What this task involves:
Line by line, repeat the material below exactly and skip the images.

Dataset excerpt:
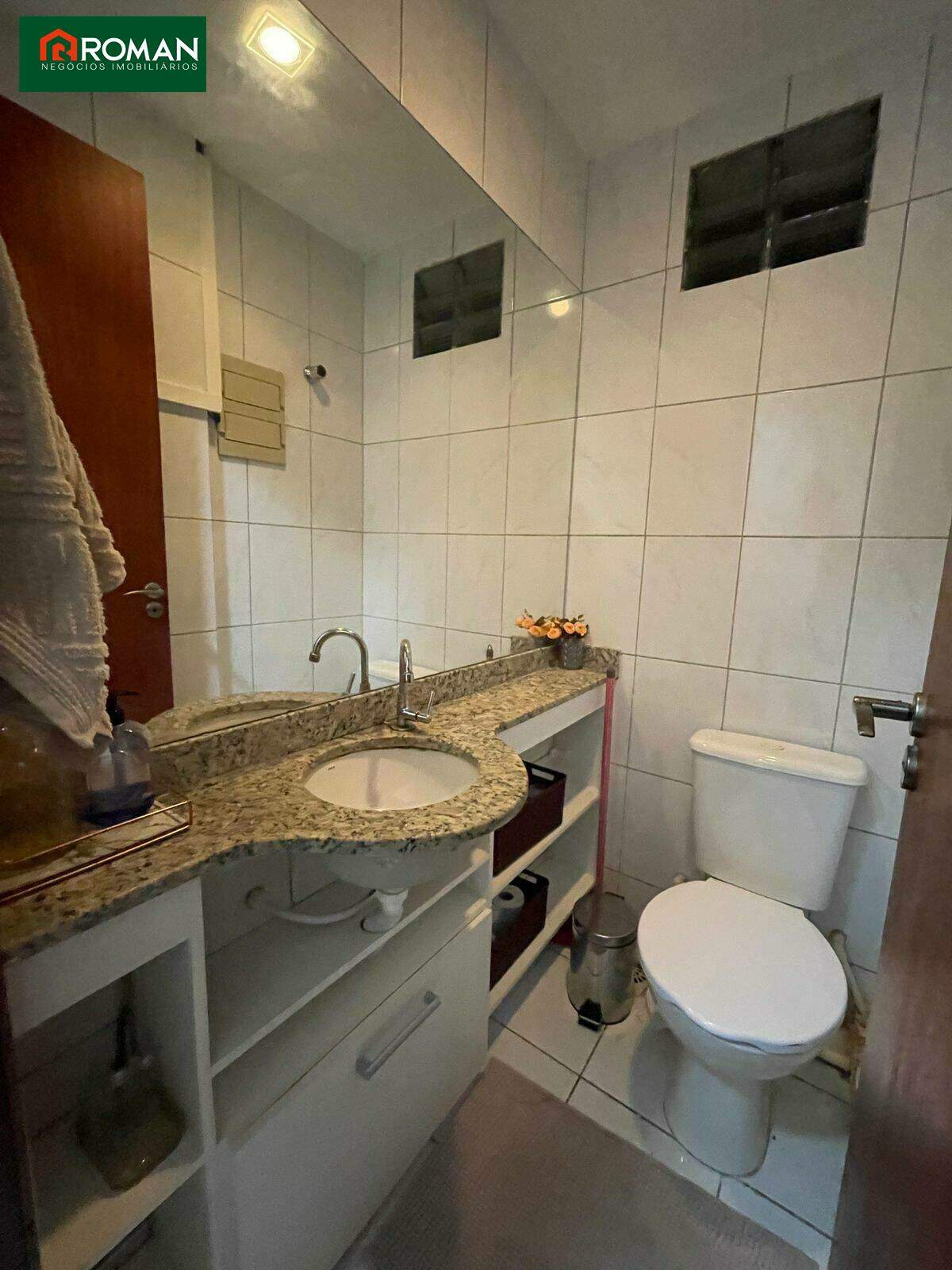 Sala à venda no Centro: 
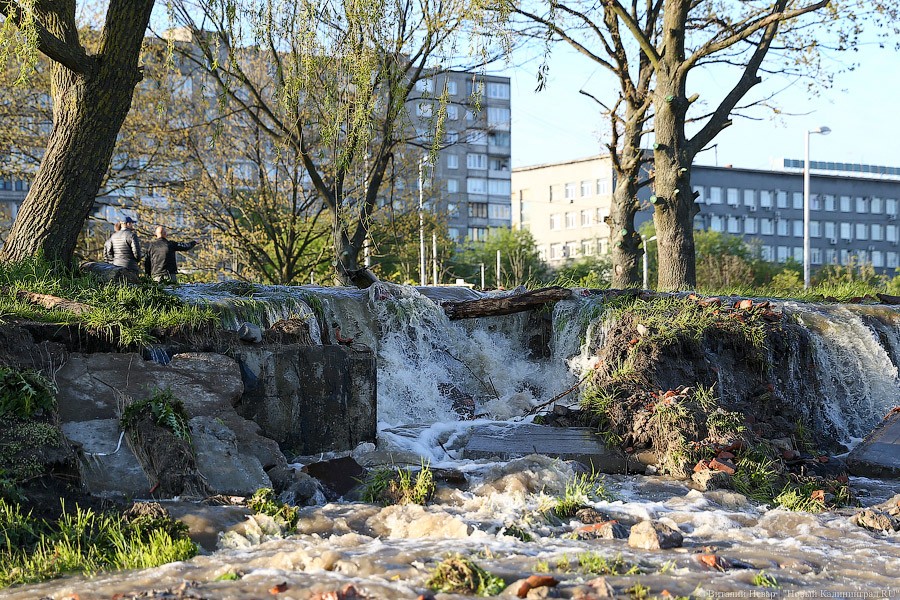 Набережная вышла из берегов: фоторепортаж с затопленной Трибуца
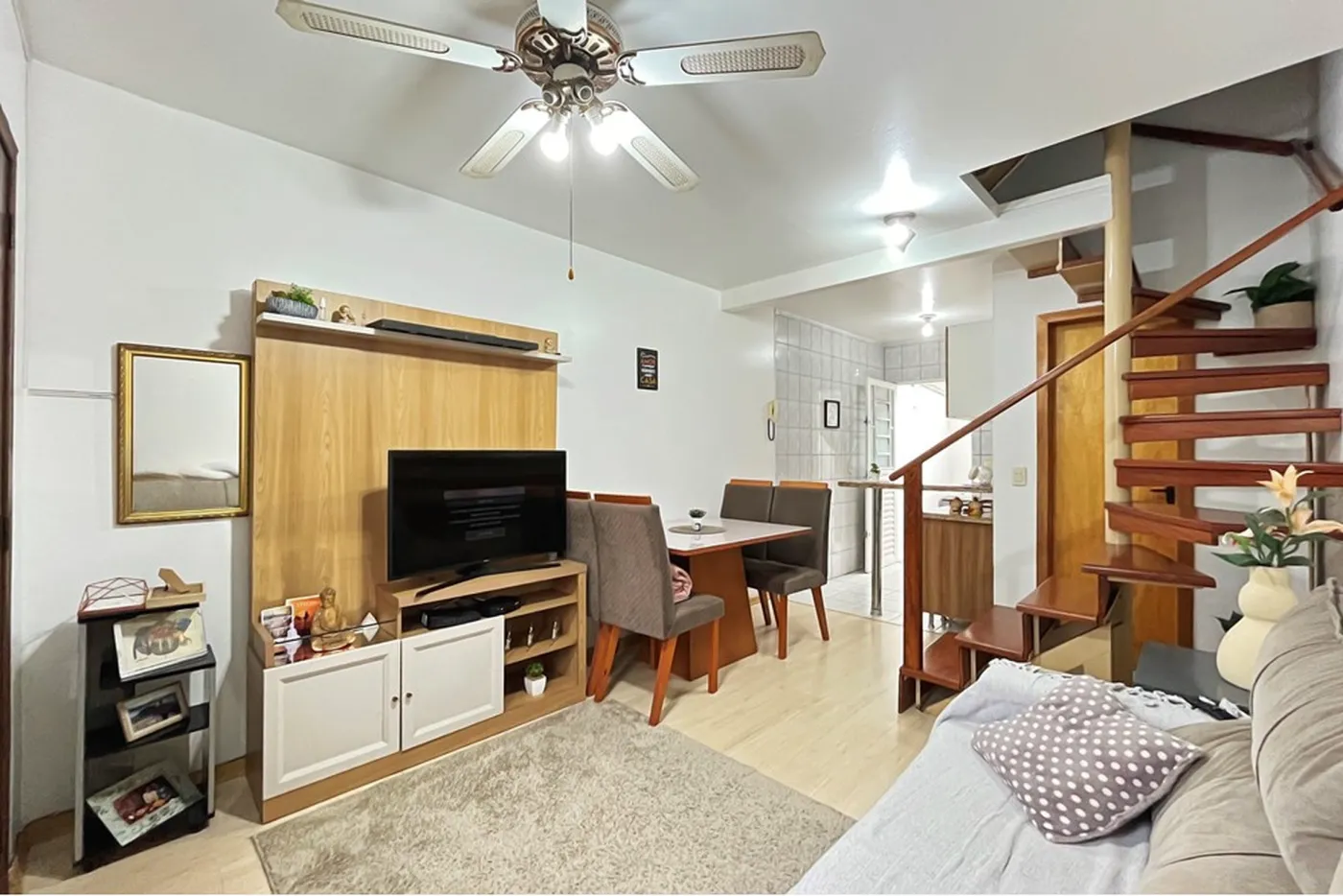 VNMC 100 Casa 610191037-90 - REMAX Casa Sul Exclusividades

The answer:
 Sala à venda no Centro: 
 Набережная вышла из берегов: фоторепортаж с затопленной Трибуца
 VNMC 100 Casa 610191037-90 - REMAX Casa Sul Exclusividades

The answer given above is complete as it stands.